Aims: To determine retrospectively the relative usefulness of electron microscopy and immunocytochemistry for tumour diagnosis; to monitor the influence of new antibodies and antisera on the use of these techniques in one laboratory.

Methods: During 1980 to 1989 inclusive, 726 tumours were examined by electron microscopy, 862 by immunocytochemistry, and 286 by both techniques. The choice of techniques and, for immunocytochemistry, the range of antibodies used were compared between each category of final diagnosis.

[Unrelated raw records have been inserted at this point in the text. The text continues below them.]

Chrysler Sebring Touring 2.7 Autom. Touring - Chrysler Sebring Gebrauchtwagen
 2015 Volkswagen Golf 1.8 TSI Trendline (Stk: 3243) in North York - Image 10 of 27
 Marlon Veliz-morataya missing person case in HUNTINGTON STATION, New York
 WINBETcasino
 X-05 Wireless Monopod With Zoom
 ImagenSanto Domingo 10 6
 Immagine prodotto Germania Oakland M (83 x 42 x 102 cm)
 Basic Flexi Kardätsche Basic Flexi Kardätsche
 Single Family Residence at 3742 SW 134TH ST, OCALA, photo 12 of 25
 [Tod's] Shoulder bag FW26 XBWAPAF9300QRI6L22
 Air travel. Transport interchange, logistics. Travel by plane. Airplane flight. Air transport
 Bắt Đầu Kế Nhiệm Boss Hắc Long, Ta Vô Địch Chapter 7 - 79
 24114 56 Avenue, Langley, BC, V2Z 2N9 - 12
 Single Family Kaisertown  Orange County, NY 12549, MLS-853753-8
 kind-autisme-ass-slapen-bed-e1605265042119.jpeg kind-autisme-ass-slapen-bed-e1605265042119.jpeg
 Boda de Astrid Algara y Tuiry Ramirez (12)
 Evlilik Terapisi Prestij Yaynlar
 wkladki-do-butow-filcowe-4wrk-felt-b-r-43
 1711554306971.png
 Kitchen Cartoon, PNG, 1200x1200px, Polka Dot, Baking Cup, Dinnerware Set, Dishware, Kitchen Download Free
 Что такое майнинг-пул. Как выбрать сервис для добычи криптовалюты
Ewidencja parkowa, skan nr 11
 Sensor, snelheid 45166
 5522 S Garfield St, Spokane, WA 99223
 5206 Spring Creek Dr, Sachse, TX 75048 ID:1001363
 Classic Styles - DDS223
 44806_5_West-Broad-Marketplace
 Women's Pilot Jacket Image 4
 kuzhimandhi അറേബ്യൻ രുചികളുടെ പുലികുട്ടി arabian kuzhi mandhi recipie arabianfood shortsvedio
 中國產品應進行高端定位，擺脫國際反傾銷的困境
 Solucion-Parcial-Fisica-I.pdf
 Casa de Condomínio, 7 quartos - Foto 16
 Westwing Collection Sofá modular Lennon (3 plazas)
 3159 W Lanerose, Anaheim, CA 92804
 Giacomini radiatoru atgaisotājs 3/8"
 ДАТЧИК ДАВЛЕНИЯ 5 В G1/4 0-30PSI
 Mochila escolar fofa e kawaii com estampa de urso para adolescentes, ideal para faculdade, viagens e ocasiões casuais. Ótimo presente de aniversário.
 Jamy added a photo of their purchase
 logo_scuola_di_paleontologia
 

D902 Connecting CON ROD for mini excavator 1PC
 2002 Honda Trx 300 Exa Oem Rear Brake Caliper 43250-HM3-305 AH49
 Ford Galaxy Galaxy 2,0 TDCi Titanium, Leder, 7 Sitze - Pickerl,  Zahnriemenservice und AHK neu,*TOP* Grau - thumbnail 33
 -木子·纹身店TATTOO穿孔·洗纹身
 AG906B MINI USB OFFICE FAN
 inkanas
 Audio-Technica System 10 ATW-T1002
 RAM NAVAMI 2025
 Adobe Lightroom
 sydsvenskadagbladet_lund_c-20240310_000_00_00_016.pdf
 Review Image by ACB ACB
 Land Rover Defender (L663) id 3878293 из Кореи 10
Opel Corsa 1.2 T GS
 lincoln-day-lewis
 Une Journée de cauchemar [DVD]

Results: During the study period there was a sharp fall in the use of electron microscopy and a corresponding rise in immunocytochemistry. These trends applied to all categories of final tumour diagnosis, but the use of electron microscopy was sustained longer for lesions suspected or eventually confirmed to be melanomas or amine precursor uptake decarboxylation cell carcinoma (APUDomas)--for example, carcinoid tumours. The immunocytochemistry:electron microscopy use ratios ranged from 2.07:1 to 0.44:1 for the categories in which lymphoma and APUDoma, respectively, were the final diagnoses. The abandonment of electron microscopy for suspected or confirmed lymphomas and carcinomas corresponded to the increasing availability of relevant antisera and antibodies.

Conclusions: The wider application of immunocytochemistry for tumour diagnosis is endorsed, but electron microscopy should be retained for selected cases in which the results of immunocytochemistry might be predictably ambiguous or otherwise unhelpful.